● GIVEN DATA:
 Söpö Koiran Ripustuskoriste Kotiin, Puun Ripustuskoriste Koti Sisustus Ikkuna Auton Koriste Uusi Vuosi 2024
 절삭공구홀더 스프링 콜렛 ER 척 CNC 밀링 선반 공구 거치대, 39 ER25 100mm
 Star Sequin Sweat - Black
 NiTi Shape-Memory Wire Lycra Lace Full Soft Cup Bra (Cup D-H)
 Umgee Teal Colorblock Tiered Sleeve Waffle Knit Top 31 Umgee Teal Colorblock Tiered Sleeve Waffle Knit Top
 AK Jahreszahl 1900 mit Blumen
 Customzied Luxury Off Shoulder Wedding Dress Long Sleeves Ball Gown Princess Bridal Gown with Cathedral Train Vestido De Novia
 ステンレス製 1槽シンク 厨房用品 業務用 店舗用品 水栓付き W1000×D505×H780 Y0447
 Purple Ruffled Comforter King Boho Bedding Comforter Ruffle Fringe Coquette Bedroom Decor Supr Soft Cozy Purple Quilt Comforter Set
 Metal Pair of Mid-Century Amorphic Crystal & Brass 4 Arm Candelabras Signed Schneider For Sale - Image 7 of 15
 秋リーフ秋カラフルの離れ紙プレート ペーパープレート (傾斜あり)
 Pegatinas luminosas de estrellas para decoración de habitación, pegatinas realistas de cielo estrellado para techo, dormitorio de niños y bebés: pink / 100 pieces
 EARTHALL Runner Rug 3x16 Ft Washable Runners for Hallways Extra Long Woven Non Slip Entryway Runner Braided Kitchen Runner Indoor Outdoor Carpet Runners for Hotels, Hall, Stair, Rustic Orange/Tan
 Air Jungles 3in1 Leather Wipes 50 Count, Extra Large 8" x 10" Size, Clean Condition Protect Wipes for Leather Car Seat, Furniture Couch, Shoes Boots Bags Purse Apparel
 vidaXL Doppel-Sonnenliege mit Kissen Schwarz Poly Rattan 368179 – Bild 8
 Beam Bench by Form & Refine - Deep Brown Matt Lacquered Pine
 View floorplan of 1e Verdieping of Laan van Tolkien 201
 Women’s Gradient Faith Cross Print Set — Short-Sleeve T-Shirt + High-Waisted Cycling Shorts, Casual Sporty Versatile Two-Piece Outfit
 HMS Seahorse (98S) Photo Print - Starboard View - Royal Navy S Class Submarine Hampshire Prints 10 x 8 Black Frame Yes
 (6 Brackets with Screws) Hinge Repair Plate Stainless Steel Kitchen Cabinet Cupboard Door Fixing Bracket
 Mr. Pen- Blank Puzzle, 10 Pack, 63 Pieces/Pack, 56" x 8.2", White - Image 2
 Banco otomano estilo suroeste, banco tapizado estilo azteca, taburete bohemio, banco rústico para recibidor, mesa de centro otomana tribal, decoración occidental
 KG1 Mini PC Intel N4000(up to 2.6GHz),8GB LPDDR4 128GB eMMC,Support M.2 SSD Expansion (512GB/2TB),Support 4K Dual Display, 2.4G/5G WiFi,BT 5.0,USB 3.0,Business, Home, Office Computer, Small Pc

● WORK TASK:
Reproduce all the data precisely, word for word.

● EXERCISE ANSWER:
 Söpö Koiran Ripustuskoriste Kotiin, Puun Ripustuskoriste Koti Sisustus Ikkuna Auton Koriste Uusi Vuosi 2024
 절삭공구홀더 스프링 콜렛 ER 척 CNC 밀링 선반 공구 거치대, 39 ER25 100mm
 Star Sequin Sweat - Black
 NiTi Shape-Memory Wire Lycra Lace Full Soft Cup Bra (Cup D-H)
 Umgee Teal Colorblock Tiered Sleeve Waffle Knit Top 31 Umgee Teal Colorblock Tiered Sleeve Waffle Knit Top
 AK Jahreszahl 1900 mit Blumen
 Customzied Luxury Off Shoulder Wedding Dress Long Sleeves Ball Gown Princess Bridal Gown with Cathedral Train Vestido De Novia
 ステンレス製 1槽シンク 厨房用品 業務用 店舗用品 水栓付き W1000×D505×H780 Y0447
 Purple Ruffled Comforter King Boho Bedding Comforter Ruffle Fringe Coquette Bedroom Decor Supr Soft Cozy Purple Quilt Comforter Set
 Metal Pair of Mid-Century Amorphic Crystal & Brass 4 Arm Candelabras Signed Schneider For Sale - Image 7 of 15
 秋リーフ秋カラフルの離れ紙プレート ペーパープレート (傾斜あり)
 Pegatinas luminosas de estrellas para decoración de habitación, pegatinas realistas de cielo estrellado para techo, dormitorio de niños y bebés: pink / 100 pieces
 EARTHALL Runner Rug 3x16 Ft Washable Runners for Hallways Extra Long Woven Non Slip Entryway Runner Braided Kitchen Runner Indoor Outdoor Carpet Runners for Hotels, Hall, Stair, Rustic Orange/Tan
 Air Jungles 3in1 Leather Wipes 50 Count, Extra Large 8" x 10" Size, Clean Condition Protect Wipes for Leather Car Seat, Furniture Couch, Shoes Boots Bags Purse Apparel
 vidaXL Doppel-Sonnenliege mit Kissen Schwarz Poly Rattan 368179 – Bild 8
 Beam Bench by Form & Refine - Deep Brown Matt Lacquered Pine
 View floorplan of 1e Verdieping of Laan van Tolkien 201
 Women’s Gradient Faith Cross Print Set — Short-Sleeve T-Shirt + High-Waisted Cycling Shorts, Casual Sporty Versatile Two-Piece Outfit
 HMS Seahorse (98S) Photo Print - Starboard View - Royal Navy S Class Submarine Hampshire Prints 10 x 8 Black Frame Yes
 (6 Brackets with Screws) Hinge Repair Plate Stainless Steel Kitchen Cabinet Cupboard Door Fixing Bracket
 Mr. Pen- Blank Puzzle, 10 Pack, 63 Pieces/Pack, 56" x 8.2", White - Image 2
 Banco otomano estilo suroeste, banco tapizado estilo azteca, taburete bohemio, banco rústico para recibidor, mesa de centro otomana tribal, decoración occidental
 KG1 Mini PC Intel N4000(up to 2.6GHz),8GB LPDDR4 128GB eMMC,Support M.2 SSD Expansion (512GB/2TB),Support 4K Dual Display, 2.4G/5G WiFi,BT 5.0,USB 3.0,Business, Home, Office Computer, Small Pc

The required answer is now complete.